France | France, Cour administrative d'appel, 5ème chambre, 26 janvier 2024, 23MA00093


Vu la procédure suivante :



Procédure contentieuse antérieure :



La SAS ERT Technologies a demandé au tribunal administratif de Marseille d'annuler la décision du 9 avril 2019 par laquelle le directeur régional des entreprises, de la concurrence, de la consommation, du travail et de l'emploi lui a infligé une amende administrative d'un montant total de 35 200 euros sur le fondement des dispositions de l'article L. 8115-5 du code du travail.



Par un jugement n° 1904814 du 9 novembre 2022, le tribunal administratif de Marseil

le a rejeté sa demande.



Procédure devant la Cour :



Par une requête, enr...

Vu la procédure suivante :

Procédure contentieuse antérieure :

La SAS ERT Technologies a demandé au tribunal administratif de Marseille d'annuler la décision du 9 avril 2019 par laquelle le directeur régional des entreprises, de la concurrence, de la consommation, du travail et de l'emploi lui a infligé une amende administrative d'un montant total de 35 200 euros sur le fondement des dispositions de l'article L. 8115-5 du code du travail.

Par un jugement n° 1904814 du 9 novembre 2022, le tribunal administratif de Marseille a rejeté sa demande.

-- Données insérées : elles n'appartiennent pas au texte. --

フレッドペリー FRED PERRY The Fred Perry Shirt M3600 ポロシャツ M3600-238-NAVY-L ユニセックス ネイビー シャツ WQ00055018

Procédure devant la Cour :

Par une requête, enregistrée le 13 janvier 2023, la société ERT Technologies, représentée par Me Chapelle, demande à la Cour :

1°) d'annuler ce jugement du 9 novembre 2022 ;

2°) d'annuler la décision du 9 avril 2019 ;

3°) de mettre à la charge de l'Etat une somme de 2 000 euros en application de l'article L. 761-1 du code de justice administrative.

Elle soutient que :

- une seule amende pouvait être prononcée à raison du manquement aux dispositions visées au 5° de l'article L. 8115-1 du code du travail dans leur ensemble ; le cumul effectué à raison de trois manquements qui relèvent tous de ces dispositions est illégal ;

- le nombre de salariés concernés par chaque manquement n'est pas caractérisé, ni leur identité précisée ; les chiffres retenus sont seulement ceux de l'effectif théorique maximal et non ceux constatés par l'inspecteur du travail sur place ;

- au sein du site contrôlé, aucun des postes de travail ne nécessite des équipements de travail ou de sécurité ; il n'y a dès lors pas d'obligation de mettre à disposition un vestiaire et aucun manquement aux dispositions des articles R. 4228-1 et R. 4228-2 du code du travail ne peut être retenu ;

- les installations sanitaires sont supérieures en nombre au minimum requis, un cabinet d'aisance pouvant être substitué à un urinoir, de sorte qu'aucun manquement aux dispositions de l'article R. 4228-10 du code du travail n'est davantage constitué ;

- elle n'est pas responsable des odeurs constatées qui résultent de problèmes de canalisation bouchées pour lesquels elle a fait intervenir des professionnels à plusieurs reprises ; aucun défaut d'aménagement n'est caractérisé, ni par conséquent aucun manquement aux dispositions de l'article R. 4228-11 du code du travail.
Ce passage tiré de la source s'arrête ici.